Congratulations to the White House Task Force on Childhood Obesity for successfully laying out a comprehensive plan that includes a series of thoughtful recommendations and benchmarks! We are pleased to see a strong focus aimed at monitoring progress by tracking the impact of interventions on three key indicators: childhood obesity trends, improvement in children’s diet quality and physical activity levels. Thanks to the work of this group, our country now has a national blueprint for tackling childhood obesity. 

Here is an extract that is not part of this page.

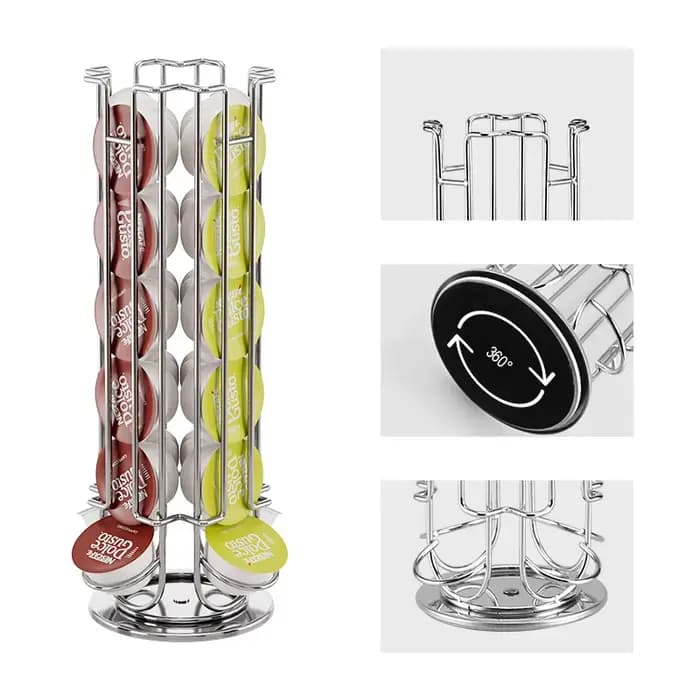 Support de rangement rotatif en métal pour dosettes de café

The White House Report – a true wake-up call for the nation –  points out that too often the connection between food served at school and the school’s responsibility to educate, enable and motivate healthful nutrition habits is weak or non-existent. It calls for improved nutrition education in our schools and recognizes that many teachers do not have the knowledge and skill to integrate nutrition education into their classroom curriculum. 

 
ACFN could not agree more. We believe the nation needs a coaching corps of registered dietitians – the most qualified nutrition professionals – working alongside physical education teachers to illustrate and teach the energy balance concept. We are proud to note that ACFN Foundation’s Healthy Schools Partnership (HSP) has been successful in weaving these pieces together to create a unique educational experience for students and a supportive environment in the school cafeteria. In HSP schools, breakfast and lunch are nurturing, learning labs that allow students to apply their new knowledge on maintaining energy balance. 
 
To address this gap the report suggests expanding the Teach for America program to include nutrition education. If this were to happen, Teach for America could hire nutrition graduates to work in schools with the highest rates of childhood obesity. The nutrition graduates could form a “nutrition corps” that would work with both physical education teachers and foodservice staff to create a complete “energy balance team” that delivers high-quality energy balance education. This model would meet one of the report’s benchmarks of success: increasing the number of school districts that provide healthful school environments and include features such as nutrition education integrated into school programming and lunchroom environments that support healthy eating. 
 
The White House Report also calls for improved physical education in schools. Although the physical education infrastructure exists in today’s schools, it deserves greater attention. Physical education programming is essential to the success of the energy balance education model. The White House Report challenges schools to find ways to increase the quality and frequency of sequential, age-appropriate and developmentally appropriate physical education. ACFN agrees; success is not possible without this key component. 
 
Reducing childhood obesity requires new thinking and proven approaches – as we see in the White House Report and in the integrated energy balance education model – that will help reverse the childhood obesity trend in America within a generation. All we need to do now is roll up our collective sleeves and keeping working, innovating and collaborating.